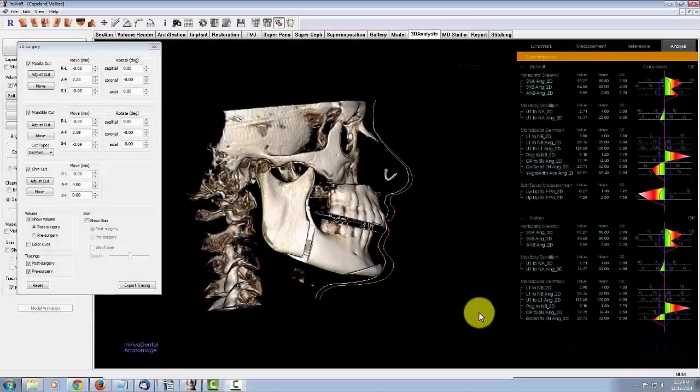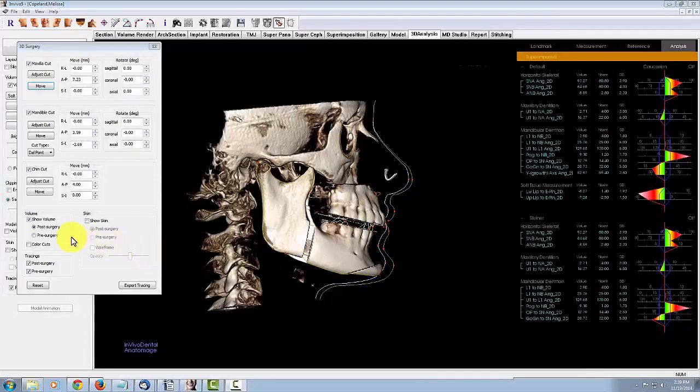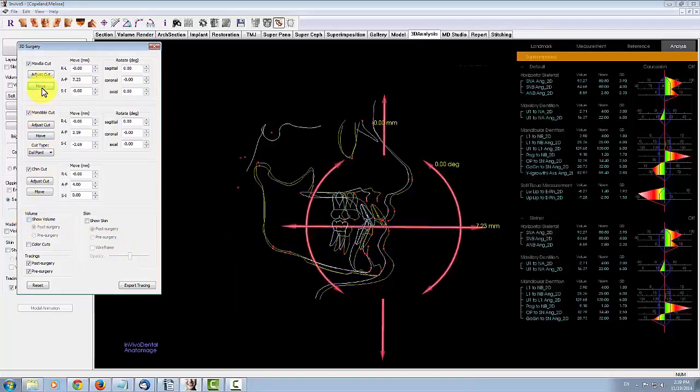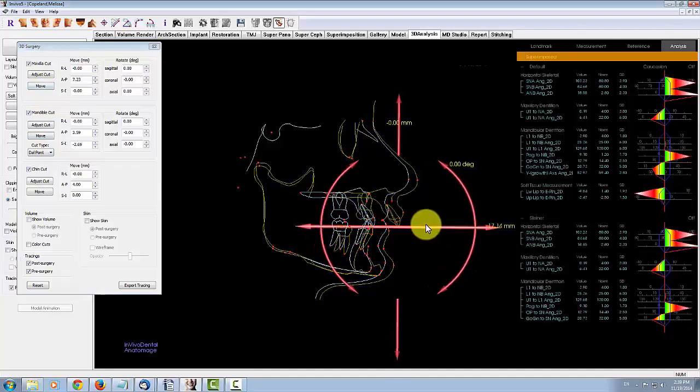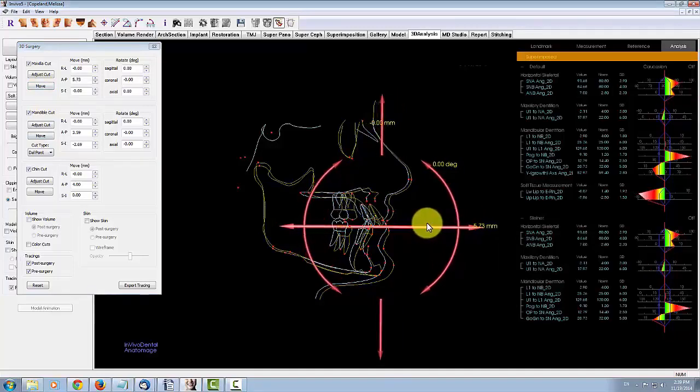The software generates a second tracing that updates as you perform cut movements to represent a post-surgery tracing. To better visualize the tracing, you can toggle off the visibility of the volume. All of your measurements and analysis data will be updated as you perform cut adjustments.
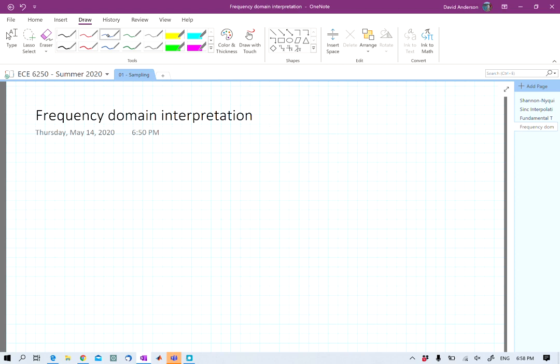So far, we said the samples are just equal to the continuous time signal evaluated at periodic points separated by the distance T. To analyze exactly what's going on there, let's introduce an intermediate step. This may seem a little bit strange at first, but it's an important one.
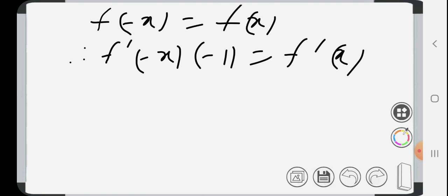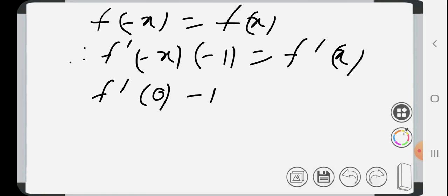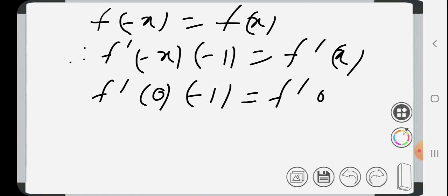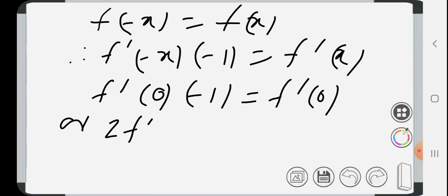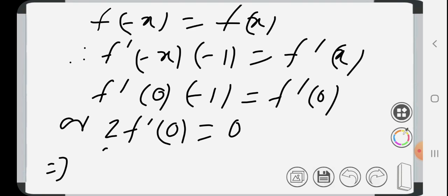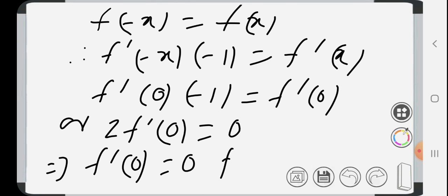Putting x = 0, we get f'(0) · (-1) = f'(0), or 2f'(0) = 0, which implies f'(0) = 0. Proved.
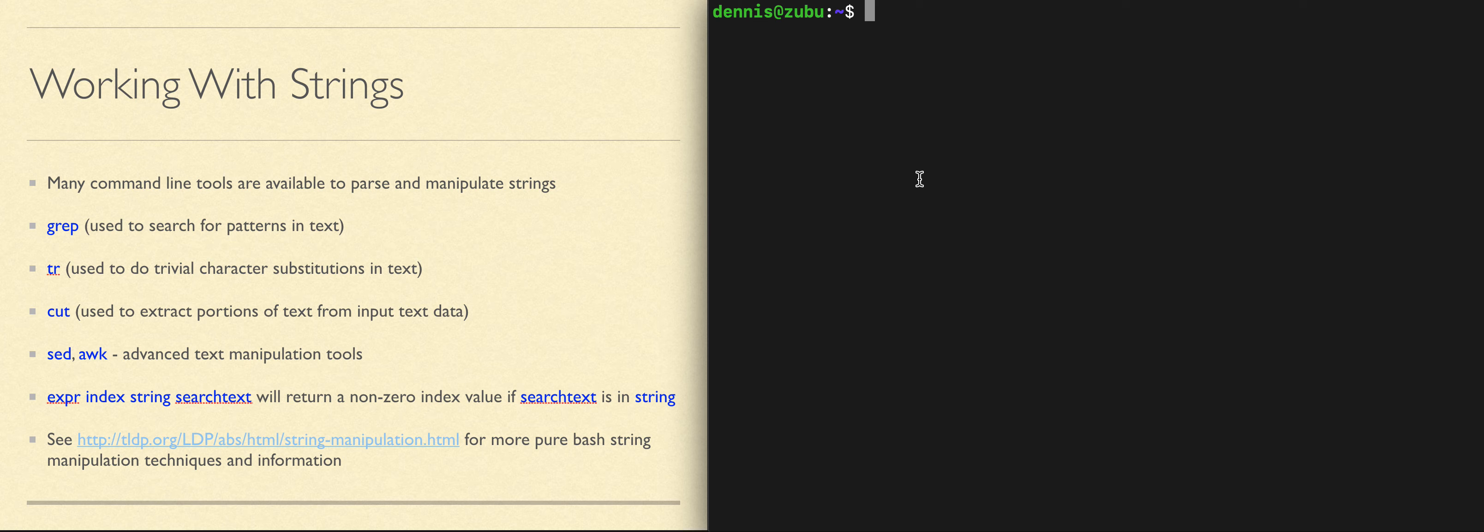Linux includes many commands and tools for working with text, working with strings of data. Any of those can be useful in scripts.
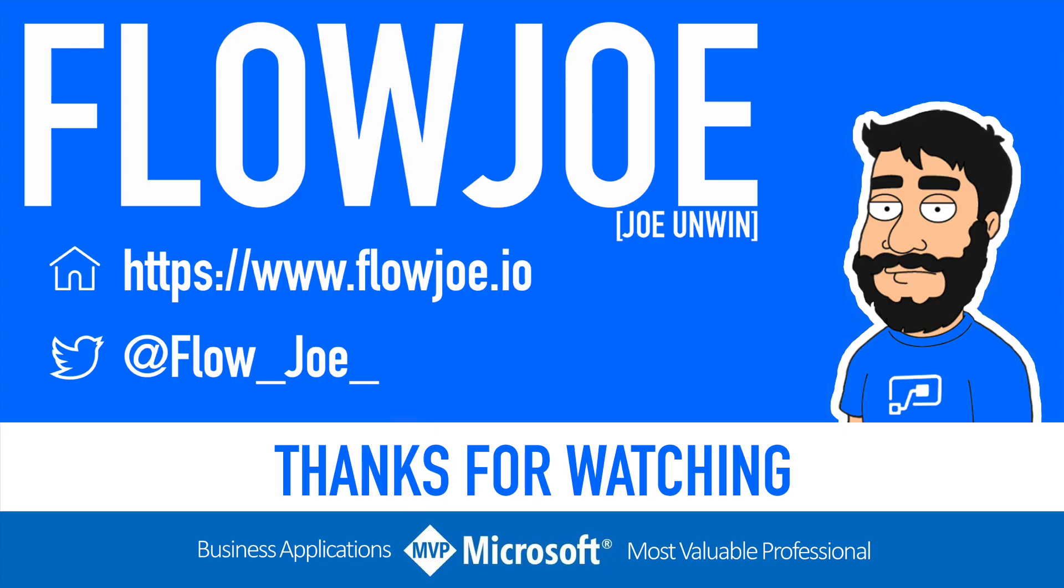That's it from me, FlowJoe. Check out my blog at flowjoe.io for more guides on the Power platform and don't forget to subscribe to my YouTube channel and hit that like button if you enjoyed the video. Thanks for watching.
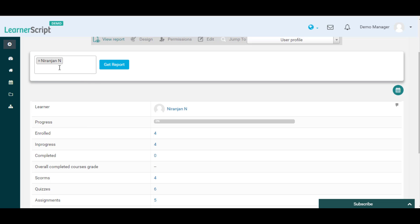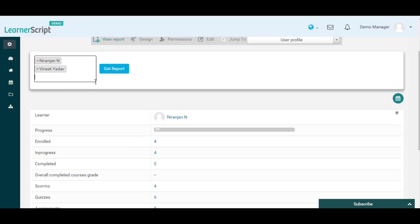Here you can see that the student Vinita Yadav is having the max course progress compared to the other students.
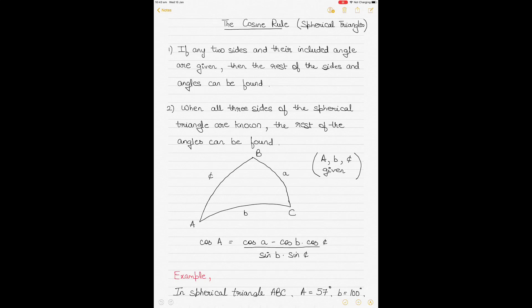This video is on the cosine rule, which is used to solve spherical triangle problems. Especially when we do great circle sailing problems, we use the cosine rule. I wanted to make a separate video which explains the cosine rule specifically and how to apply it in great circle sailing problems.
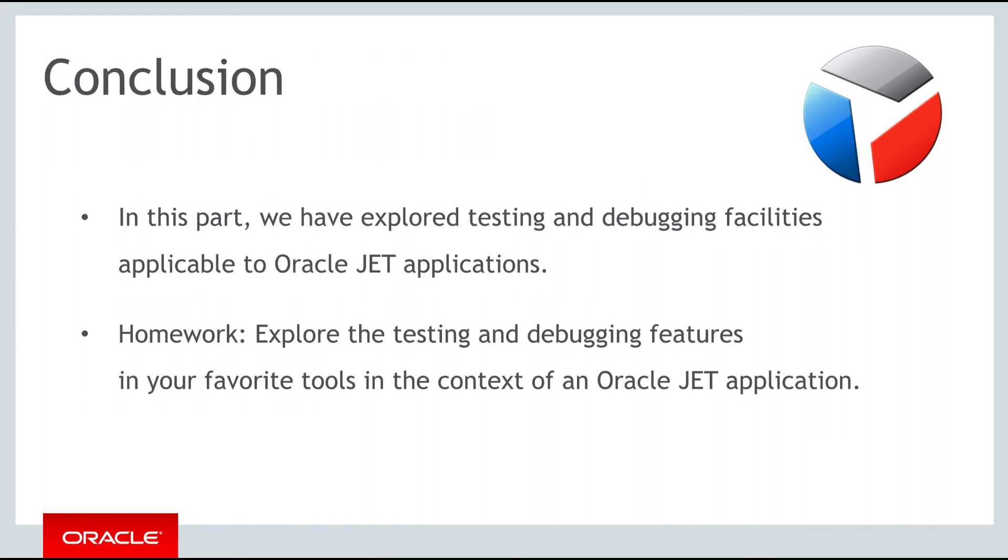In this part of the course on Oracle JET, we've explored a range of different testing frameworks and debugging tools. For your homework, explore the features available in the tools that you are already using, and maybe explore a few others. Become familiar with the facilities available for testing and debugging your JET applications. And as always, thank you very much for participating in the course on Oracle JET, and see you in the next part.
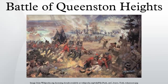The Battle of Queenston Heights was the first major battle in the War of 1812 and resulted in a British victory. It took place on October 13, 1812, near Queenston, in the present-day province of Ontario.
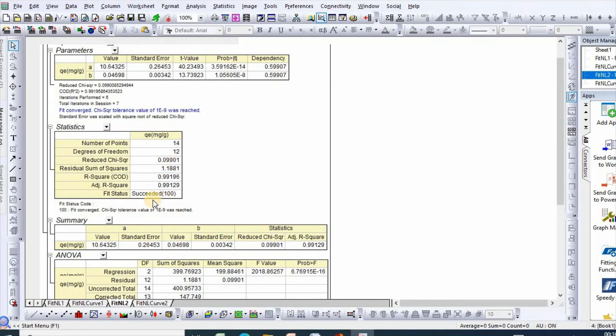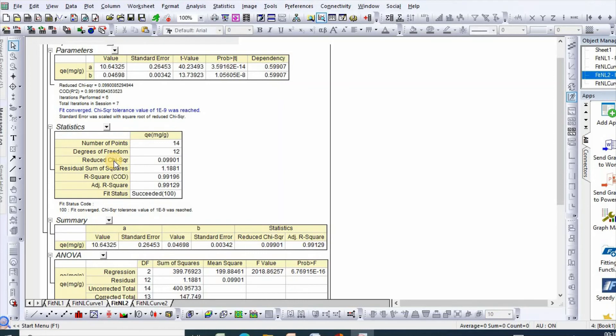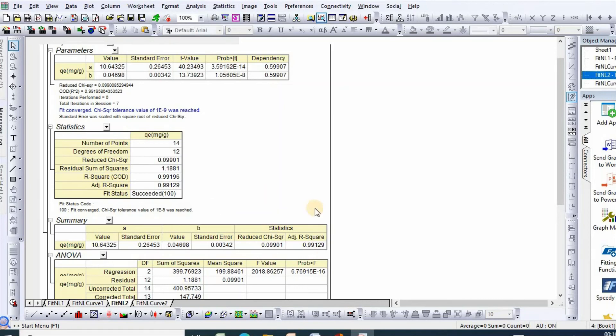From Origin we can easily analyze five types of errors, which are reduced chi square, residual sum of squares, R square, and adjusted R square.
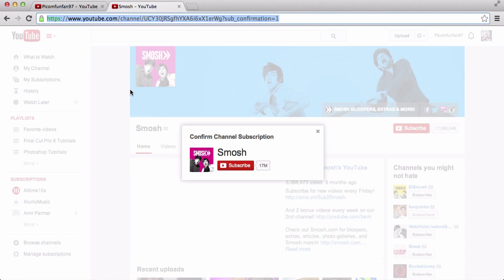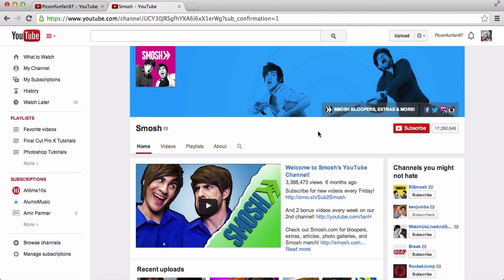So this is what other people will see when you are not logged in. Say this is your channel — say this is Smosh's channel — and if someone new comes in, you'll usually have this link somewhere in the description or an annotation, and when they click on it, it will load the page like this and it will say confirm channel subscription, and then they can click subscribe or just exit out.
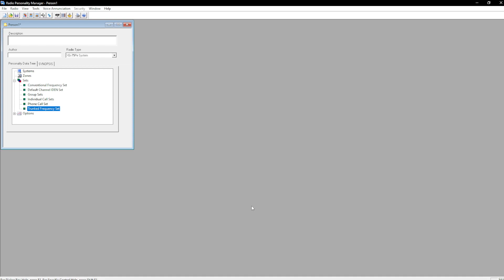For those who are not familiar with Harris, SELECT is going to be a Motorola Model 1. System is going to be a Model 3. Scan is going to be a Model 2.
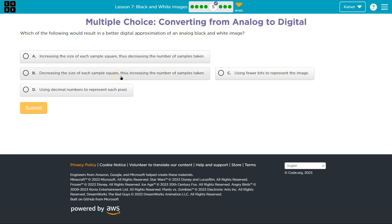Option B: Decreasing the size of each sample square, thus increasing the number of samples taken. So more samples — that sounds positive. If you have more samples of something, you're more likely to end up with a higher quality result. Like, if I never let you sample a pancake in your life, it's pretty hard to even imagine what they're like. But if I give you 14 samples and let you glance at a recipe, maybe you'll get there.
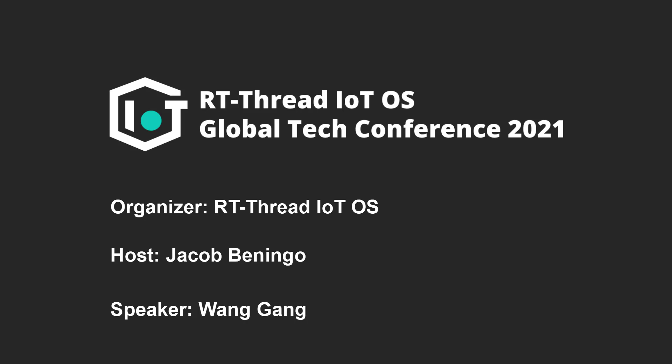So with that in mind, we are now going to have a live presentation next. Our presenter is going to be Wang Gang, and he is a software engineer in Singapore. His presentation is going to be on RT-Thread on Arduino. So I'm really looking forward to this. Wang Gang, I'm going to hand things over to you to give your presentation.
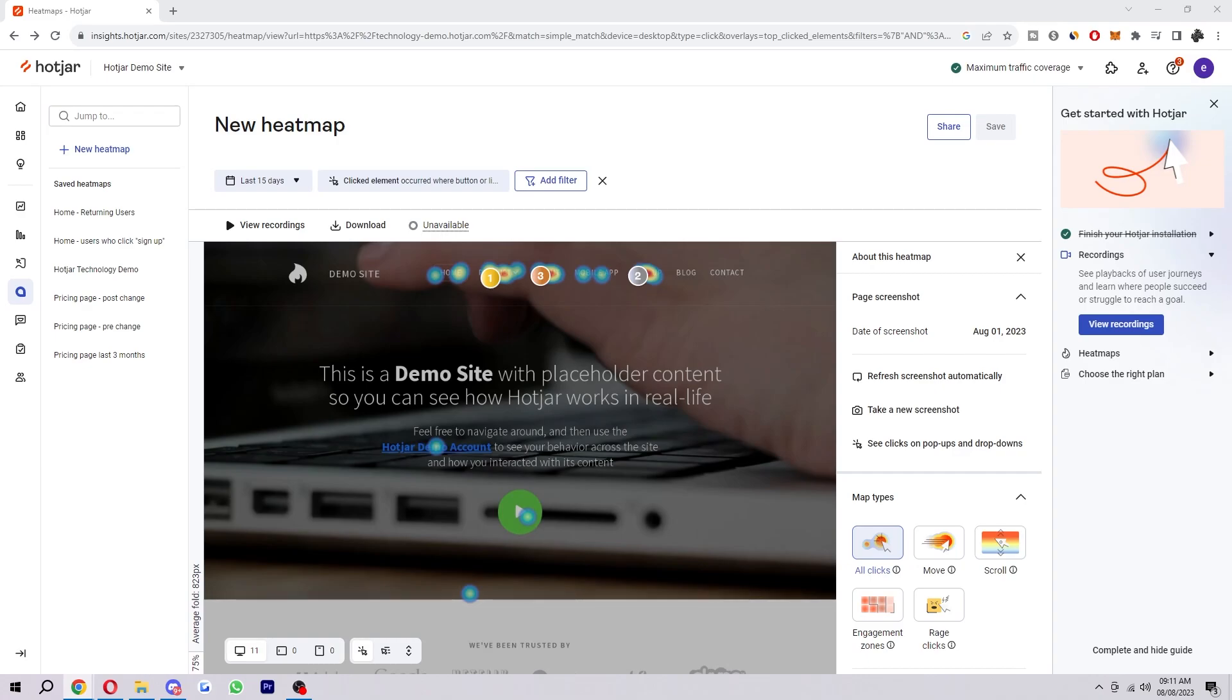Hello and welcome back to another video. Today we're going to be looking at Hotjar's heatmap function and I'm just going to explain how it works and how you can use it to increase conversion on your site.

Exercise aim:
Every entry is to be reproduced word for word, and no image is carried over.

Answer:
The software generates a second tracing that updates as you perform cut movements to represent a post-surgery tracing. To better visualize the tracing, you can toggle off the visibility of the volume. All of your measurements and analysis data will be updated as you perform cut adjustments.
So far, we said the samples are just equal to the continuous time signal evaluated at periodic points separated by the distance T. To analyze exactly what's going on there, let's introduce an intermediate step. This may seem a little bit strange at first, but it's an important one.
Putting x = 0, we get f'(0) · (-1) = f'(0), or 2f'(0) = 0, which implies f'(0) = 0. Proved.
Linux includes many commands and tools for working with text, working with strings of data. Any of those can be useful in scripts.
That's it from me, FlowJoe. Check out my blog at flowjoe.io for more guides on the Power platform and don't forget to subscribe to my YouTube channel and hit that like button if you enjoyed the video. Thanks for watching.
Here you can see that the student Vinita Yadav is having the max course progress compared to the other students.
This video is on the cosine rule, which is used to solve spherical triangle problems. Especially when we do great circle sailing problems, we use the cosine rule. I wanted to make a separate video which explains the cosine rule specifically and how to apply it in great circle sailing problems.
In this part of the course on Oracle JET, we've explored a range of different testing frameworks and debugging tools. For your homework, explore the features available in the tools that you are already using, and maybe explore a few others. Become familiar with the facilities available for testing and debugging your JET applications. And as always, thank you very much for participating in the course on Oracle JET, and see you in the next part.
The Battle of Queenston Heights was the first major battle in the War of 1812 and resulted in a British victory. It took place on October 13, 1812, near Queenston, in the present-day province of Ontario.
From Origin we can easily analyze five types of errors, which are reduced chi square, residual sum of squares, R square, and adjusted R square.
So this is what other people will see when you are not logged in. Say this is your channel — say this is Smosh's channel — and if someone new comes in, you'll usually have this link somewhere in the description or an annotation, and when they click on it, it will load the page like this and it will say confirm channel subscription, and then they can click subscribe or just exit out.
For those who are not familiar with Harris, SELECT is going to be a Motorola Model 1. System is going to be a Model 3. Scan is going to be a Model 2.
Option B: Decreasing the size of each sample square, thus increasing the number of samples taken. So more samples — that sounds positive. If you have more samples of something, you're more likely to end up with a higher quality result. Like, if I never let you sample a pancake in your life, it's pretty hard to even imagine what they're like. But if I give you 14 samples and let you glance at a recipe, maybe you'll get there.
So with that in mind, we are now going to have a live presentation next. Our presenter is going to be Wang Gang, and he is a software engineer in Singapore. His presentation is going to be on RT-Thread on Arduino. So I'm really looking forward to this. Wang Gang, I'm going to hand things over to you to give your presentation.
Hello and welcome back to another video. Today we're going to be looking at Hotjar's heatmap function and I'm just going to explain how it works and how you can use it to increase conversion on your site.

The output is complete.